Good, functional design
Decent acoustics with noise reduction
Real, hands-free operation with voice-activated "answer" and "decline" functions
Portable charging egg with clothes clip
Good voice quality on the listener's end
Sometimes bizarre design decisions including right-ear-only orientation
Shorter than advertised talk-time
Hollow sounding voices
Ridiculous, illogical battery life claims (ten hours)
Equally ridiculous multimedia device claim
It is easy to call the Jabra Stone 2 "awkward" because it isn't really bad; in fact, some of its features are real, unique innovations which, with slightly better implementation or with less grandiose claims would be considered great in another device. With the battery life as one important exception, the stone 2 does what the manufacturer claims it does and if you wish for anything at all, you wish that it did it only slightly better.
Out of it's oval plastic box, the Stone 2 is a sleek package, shaped like a flattened, black egg that functions as a charging station and it is here that the innovation begins: putting the headset into the charging station turns it off; taking it out again turns it on and, once you've paired the headset with your phone, creates a bluetooth connection quickly and dependably.
Another fine innovation in the Stone 2 is its digital signal processing features. The Stone 2 borrows a page from other manufacturer's playbooks and uses a voice for important announcements such as the headset's battery level and reading off the phone number when a call is received. The Stone 2 allows the user to take, or reject calls by saying "accept" or "decline" after the voice has read the last digit of the number (saying them before then seems to drop the call directly to voicemail). This is a great feature for people who simply *must* talk on the phone while driving; it allows them to keep both hands on the wheel.
The Stone 2's voice feature ignores one aspect of contemporary culture: in a world full of cell phones that store libraries of phone numbers, fewer people memorize phone numbers as they once did, and having a string of numbers read to a user might not tell him or her anything useful.
Those are all very praiseworthy design features but once you go past them, things get rocky.
Used in a quiet environment, the Jabra Stone 2 is a stellar performer. Listeners report great sound, while the user hears the voice on the other end as somewhat hollow, but certainly clear and recognizable. In noisier, or windier environments, conversations rapidly become exchanges of "huh?" and "What?" despite Jabra's claim of effective noise-cancellation.
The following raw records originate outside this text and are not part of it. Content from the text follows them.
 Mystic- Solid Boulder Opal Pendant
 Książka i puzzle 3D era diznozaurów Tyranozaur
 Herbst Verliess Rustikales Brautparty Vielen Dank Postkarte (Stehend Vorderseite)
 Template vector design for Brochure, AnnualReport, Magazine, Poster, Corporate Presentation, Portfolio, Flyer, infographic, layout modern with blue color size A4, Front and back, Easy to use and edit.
One definitely edgy aspect of the Stone 2's design is the decision to use an asymmetrical, right-ear-only design. The Stone 2 is certainly stylish and well-fitting in the ear (better than the great majority of bluetooth units I've ever owned or tested including Blue Ant and the (early) Aliph Jawbone), however, no matter how good the fit, the design begs the question, `what about people with reduced or absent hearing in their right ears?" Jabra's obvious answer appears to be, `use something else.'
Things become well and truly strange when you come to the Stone 2's battery life. Jabra Claims that the Stone 2 unit alone has a two-hour battery life and that it will run for up to ten hours with the charging cradle. The second of these claims lacks even a toehold in reality.
The Stone 2 unit I have for review doesn't like long phone calls. It has never lasted for more than ninety minutes before the voice started announcing "low battery" and the claim that the Stone 2 with the charging cradle operates for up to ten hours is based on a logical dodge: if the user makes phone calls that drain the battery, and puts it back in the charging cradle until it is fully charged, repeating the process until all the combined power of the charger and headset is exhausted, the total time the headset was functional might tally up to ten hours, but it will be ten hours broken up by charging cycles when the unit will be either useless, or only partially charged.
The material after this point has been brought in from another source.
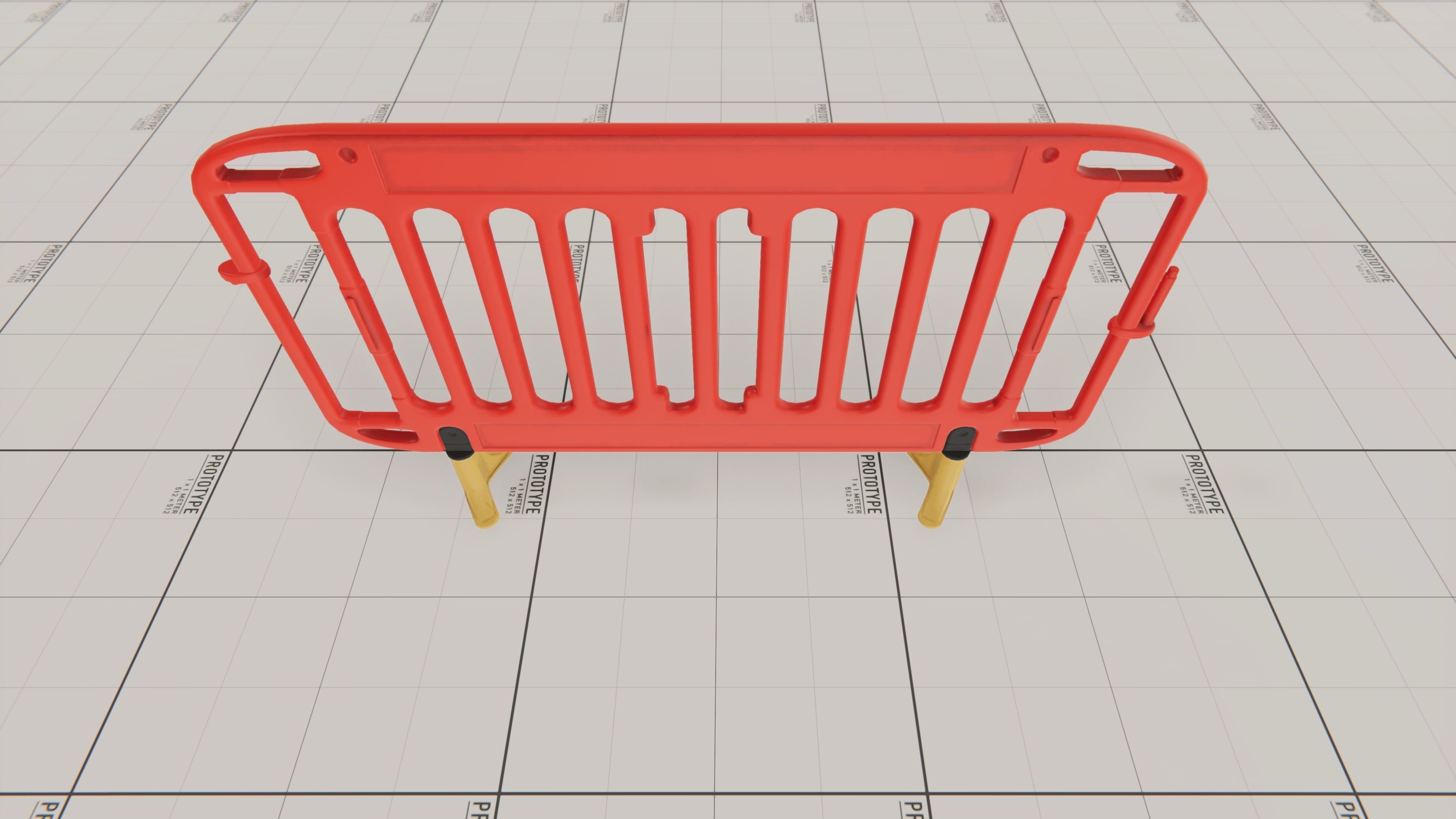Pedestrian Barrier Low-poly 3D model_1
By this reasoning, Jabra might as well say that the Unit has twenty-hours of talk time because you'll use much of those twenty hours to get the full ten hours of charge, talk and charge again cycles out of it. This is either logically bizarre or a deception depending on your way of looking at things.
Almost equally odd is Jabra's claiming that the Stone 2 is a multimedia device. Yes, it will certainly play an audiobook stored on your phone, but it has only a volume control and an end-call switch on the body of the device, and single-ear sound with a strongly limited dynamic range stopped being the norm for listening to media with the introduction of the Sony Walkman a long, long time ago.
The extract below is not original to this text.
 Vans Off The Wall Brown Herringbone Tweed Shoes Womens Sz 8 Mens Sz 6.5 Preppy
At the end of the day, the Jabra Stone 2 is not a bad headset; it is a good one.
Used in a quiet environment with still air for a series of short phone calls, it is better than a lot of what you find out there. The charging cradle with its clothes-clip, is a cool innovation. The sleek unit fits well in any pocket and gets the job done with style and aplomb, but some things about it make you wish that Jabra would fire the copywriters who allowed them to make the ten-hour claim and hire engineers whose vocabularies included the words, "bigger battery."